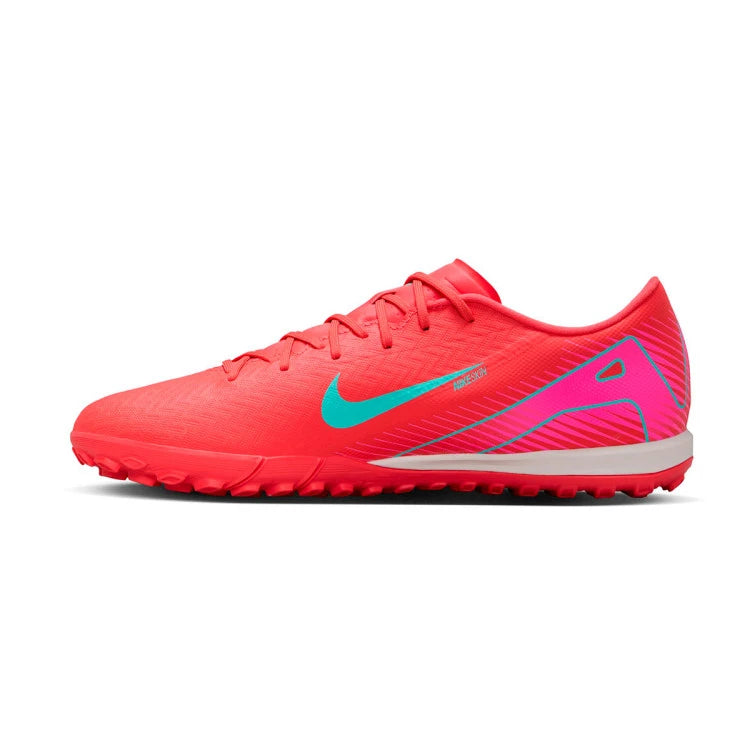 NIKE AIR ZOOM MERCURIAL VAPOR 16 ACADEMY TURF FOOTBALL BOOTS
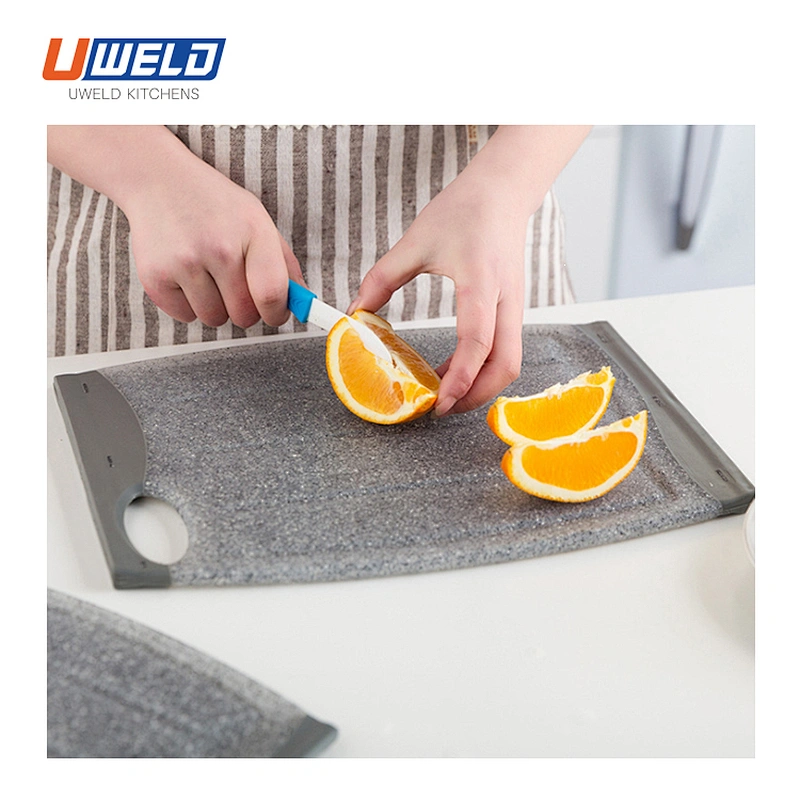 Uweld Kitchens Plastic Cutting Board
○ ○ ○ ○
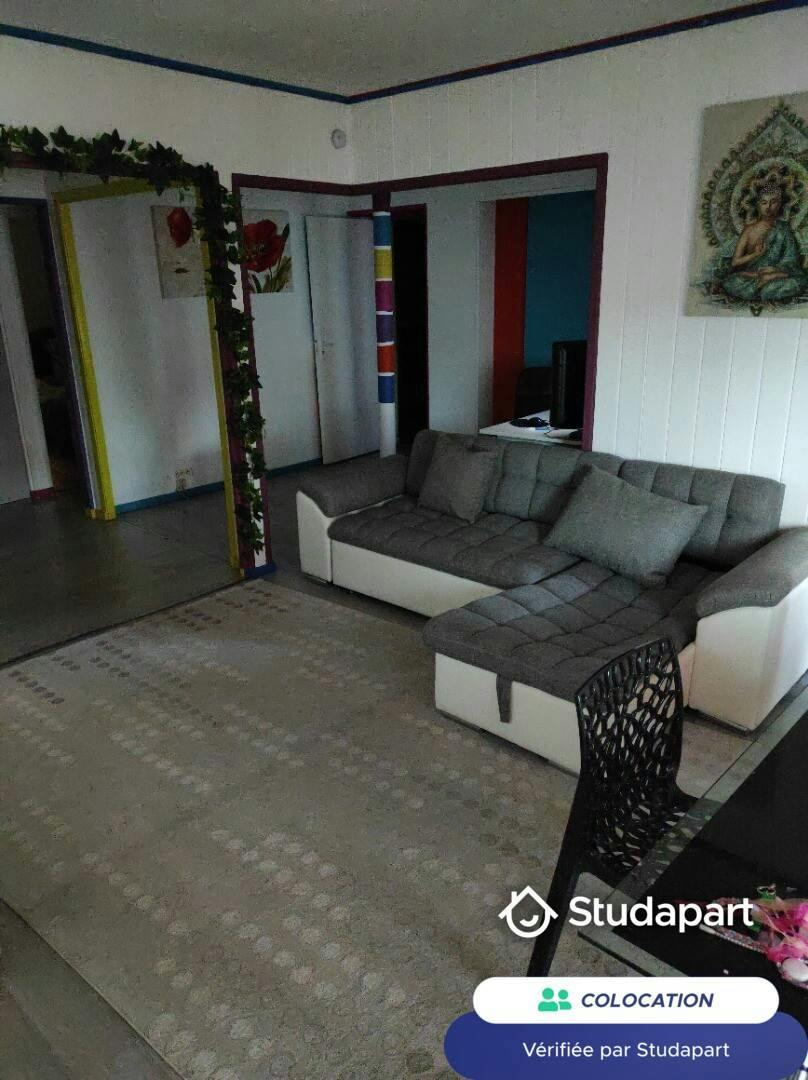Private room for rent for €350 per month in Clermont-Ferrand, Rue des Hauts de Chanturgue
○ ○ ○ ○
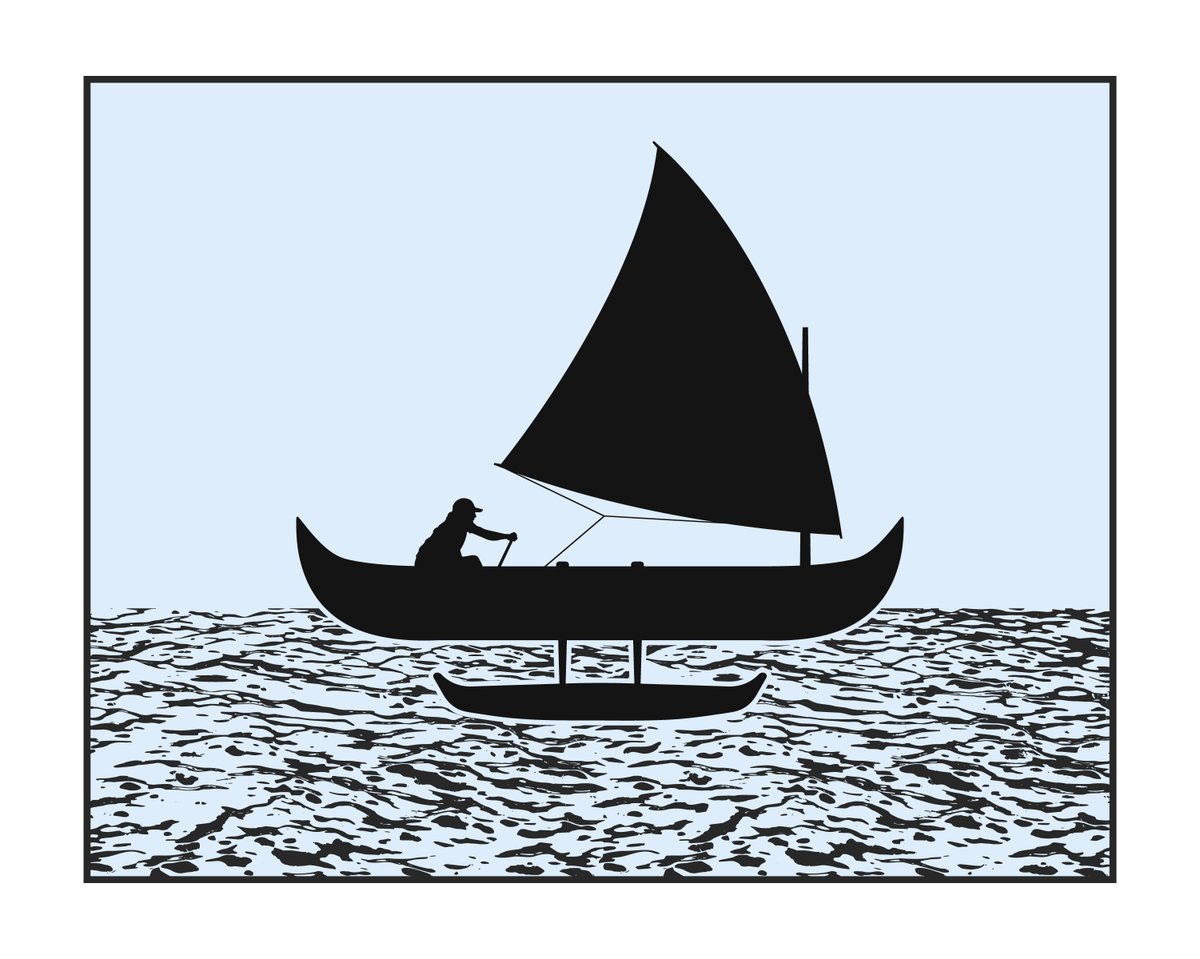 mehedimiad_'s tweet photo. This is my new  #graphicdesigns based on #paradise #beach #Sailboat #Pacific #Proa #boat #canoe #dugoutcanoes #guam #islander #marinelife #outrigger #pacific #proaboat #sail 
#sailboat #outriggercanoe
○ ○ ○ ○
→ **EXERCISE PROMPT**:
Within the material above, find the part that opens with the line containing "NIKE AIR ZOOM" and closes with the line containing "Uweld Kitchens Plastic Cutting Board", and reproduce it exactly without the pictures.

→ **EXERCISE OUTPUT**:
 NIKE AIR ZOOM MERCURIAL VAPOR 16 ACADEMY TURF FOOTBALL BOOTS
 Uweld Kitchens Plastic Cutting Board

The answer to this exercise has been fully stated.